La mañana empezó con un aire de despedida improvisada. Al lado del mar, donde habíamos dormido, ya éramos siete vehículos, como en una mini quedada sin planear. Pero claro, como siempre, fuimos de los últimos en salir. Otros ya llevaban horas haciendo cosas útiles, como pedalear, correr o mirar mapas con cara seria. Nosotros salimos cuando tocaba: después de los estiramientos, el primer pipí y el desayuno de papi Edu.
Pusimos rumbo a Dublín. Hoy tocaba jornada de supervivencia urbana: esas misiones que parecen simples, pero acaban siendo como una gincana de humanos nerviosos. Primera parada: Ikea. Papi Edu compró algo que ni olía ni sonaba, así que no presté atención. Luego fuimos a un centro comercial con una lavandería de autoservicio. Mientras las máquinas giraban con hipnosis jabonosa, yo me quedé en la camper y papi Edu aprovechó para hacer compras en su supermercado favorito. Yo diría que es su parque de atracciones personal.
Pero claro, nunca puede ser todo fácil. Resulta que teníamos un lío con la tarjeta SIM de datos. Justo en ese momento, ¡zas!, dejó de funcionar porque había cambiado a una nueva eSIM. Así que tuvimos que ir a McDonald’s. No por las hamburguesas, no, sino por el Wi-Fi gratis. Papi Edu pasó una hora con cara de querer morder el móvil mientras intentaba hablar con atención al cliente. El problema no se solucionó, claro, así que compró otra eSIM de otra marca y a correr.

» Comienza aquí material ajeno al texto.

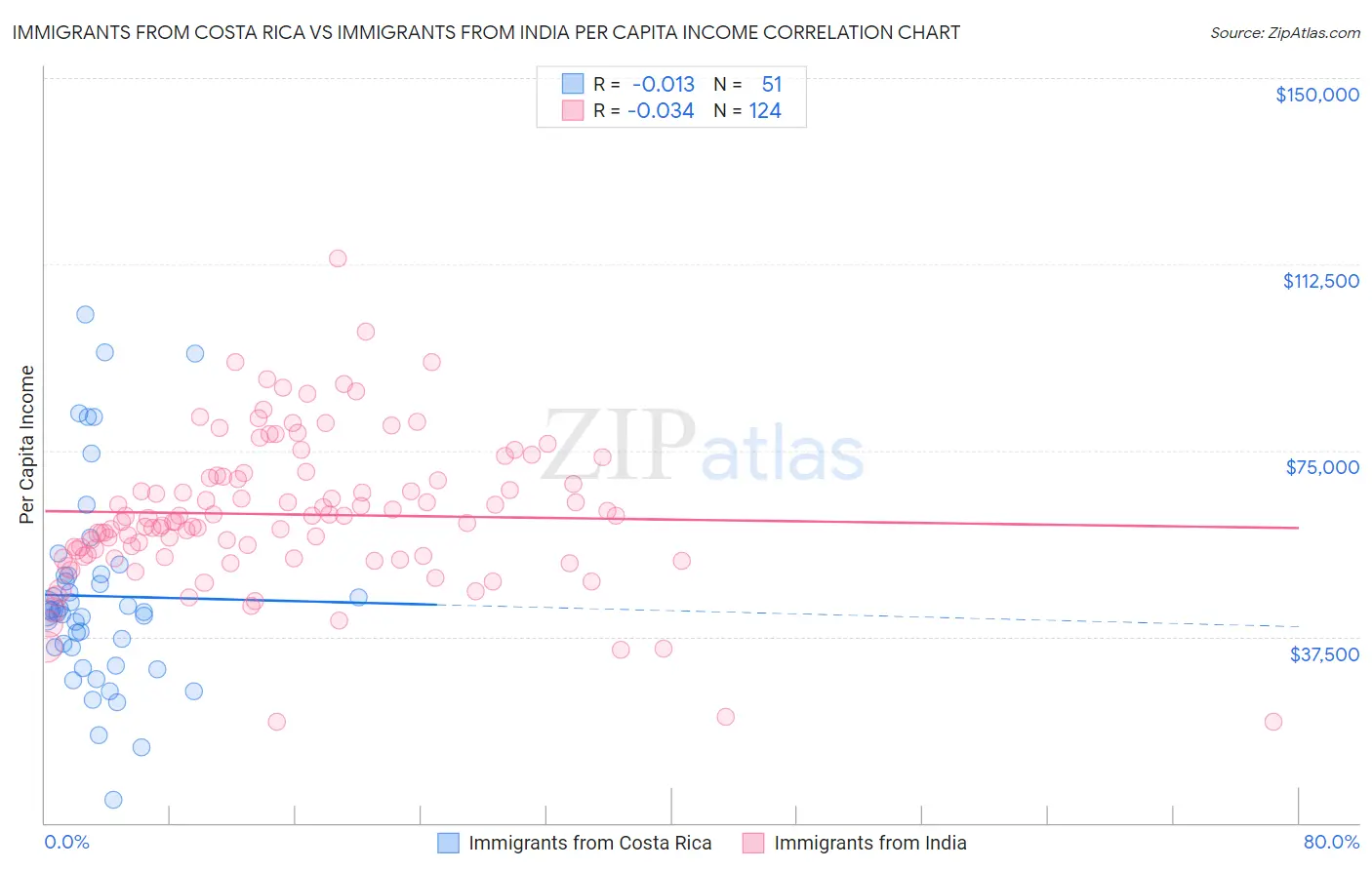 Immigrants from Costa Rica vs Immigrants from India Per Capita Income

Luego fuimos a un taller porque una de las correas del motor del coche hacía ruidos raros, como si quisiera atención. Pero llegamos a las cinco menos cuarto. Vamos, que ni con soborno. Así que gracias por nada, correa. Nos fuimos al aparcamiento de la estación de servicio Applegreen, esta vez en el otro lado de la autovía. Allí, papi Edu sacó su caja de herramientas (sí, tiene una) y se puso a trastear la correa como si fuese mecánico de Fórmula 1. No arregló del todo el asunto, pero al menos dejó de sonar como un gato atrapado.

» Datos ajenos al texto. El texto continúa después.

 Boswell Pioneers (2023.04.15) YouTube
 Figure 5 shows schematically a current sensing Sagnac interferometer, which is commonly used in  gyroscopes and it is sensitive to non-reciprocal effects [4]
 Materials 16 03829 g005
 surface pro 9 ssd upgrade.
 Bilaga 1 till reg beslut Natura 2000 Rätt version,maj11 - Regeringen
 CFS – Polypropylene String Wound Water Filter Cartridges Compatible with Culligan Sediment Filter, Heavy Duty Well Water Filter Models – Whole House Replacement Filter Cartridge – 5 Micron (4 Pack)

Aprovechó también para organizar la ropa recién lavada, guardar las compras y, cómo no, colarse otra ducha gratis. Si dan, se coge. Eso es ley de cámper.

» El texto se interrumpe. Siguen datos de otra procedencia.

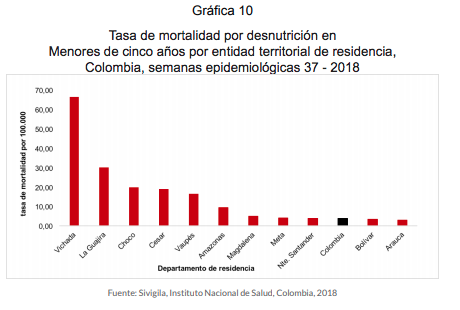 Tasa de mortalidad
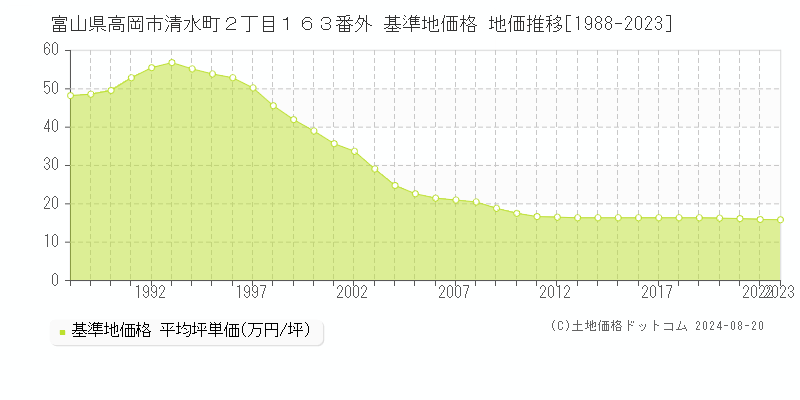 富山県高岡市清水町２丁目１６３番外 基準地価格 地価推移[1988-2023]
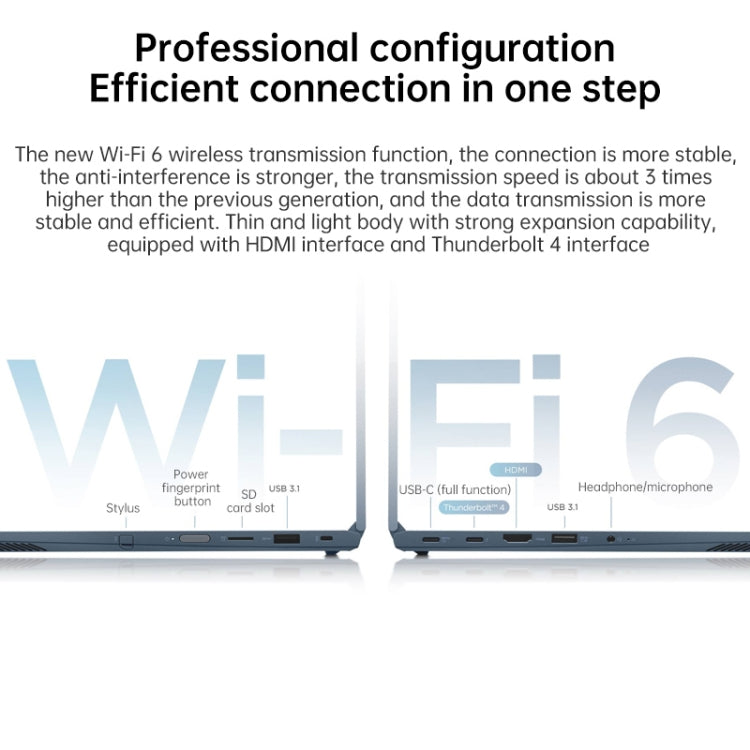 Windows 10 專業版，Intel Core i5-1135G7 四核心最高4.2GHz，支援WiFi 6、藍牙及HDMI，美規插頭（藍色），Yoga 1JCD Core i5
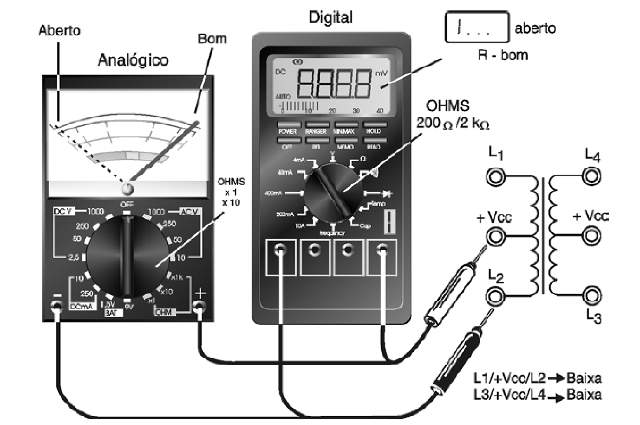 Figura 6 – Teste de continuidade de motores de passo
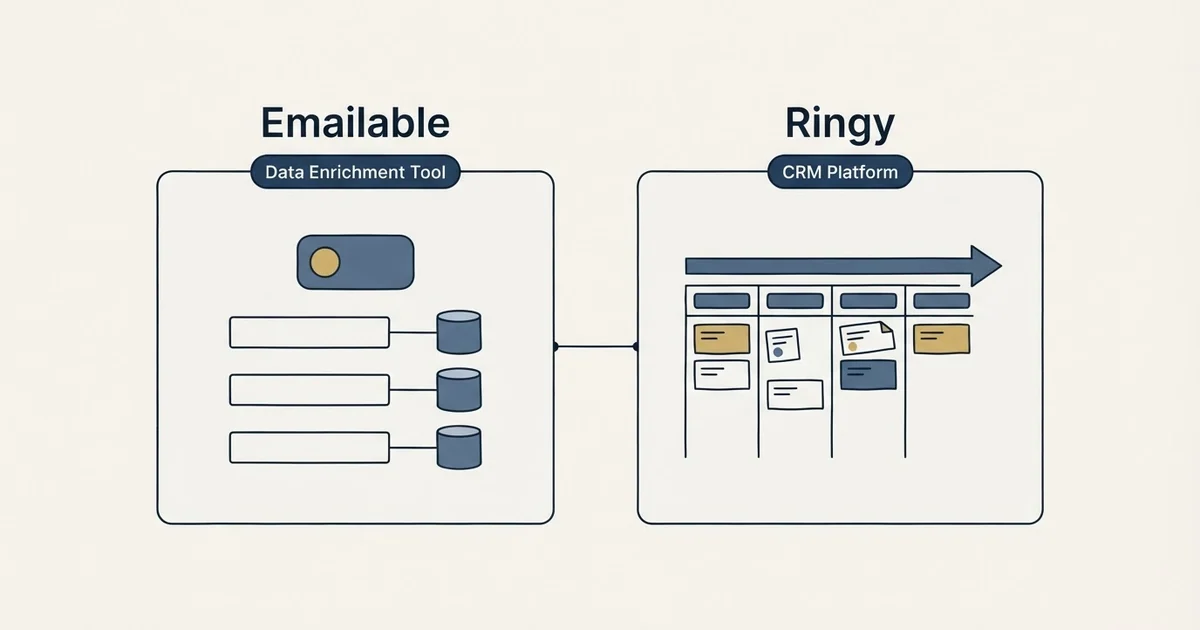 Side-by-side panels: Emailable vs Ringy (Data Enrichment Tool, CRM Platform)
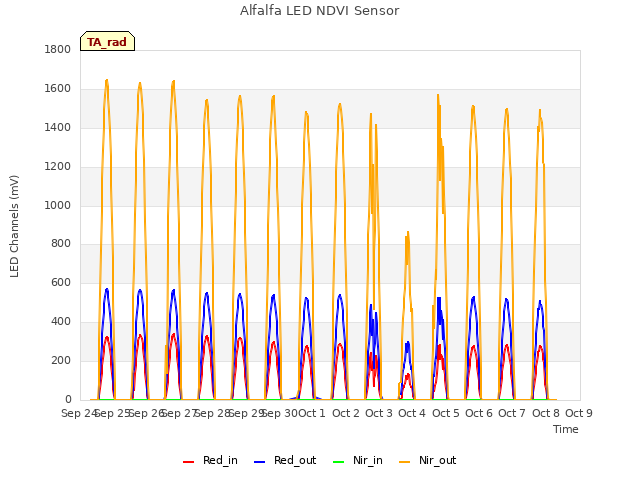 plot of Alfalfa LED NDVI Sensor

Y luego, venga, rumbo al aeropuerto. Dejamos el coche en el aparcamiento de larga estancia y, como si fuéramos mulas de carga, nos fuimos con cuatro bolsas pesadas, una mochila gigante y mi canasta. Subimos al autobús lanzadera hacia la terminal. En la terminal, fuimos primero al mostrador de Budget para alquilar un coche. Papi Edu se entendió sorprendentemente bien con el humano del mostrador, que hablaba más rápido que un galgo con cafeína. Dejamos el equipaje en el coche de alquiler y empezamos a esperar.
Una hora larga. Sin sofá, sin pelota y sin saber exactamente por qué la espera era tan eterna. Al final, ¡apareció Tito Joan! Y con él, dos nuevas humanas: Mariola y Nita. Olían a viaje largo, risas pasadas y nervios del primer día.
Todos al coche y carretera otra vez, esta vez rumbo al corazón de Irlanda, entre Dublín y Galway. El destino: un apartamento en medio de un campo de golf. Llegamos justo a medianoche, con un señor mayor esperándonos para darnos las llaves. Ya iba medio dormido en mi canasta. Cené en cuanto apareció mi cuenco, sin perder tiempo.
Ahora los humanos están cenando y buscando enchufes. Yo estoy en el sofá, con el estómago lleno y los ojos cerrándose. Son la una y media, y no doy para más. Mañana será otro día. Y seguro que diferente.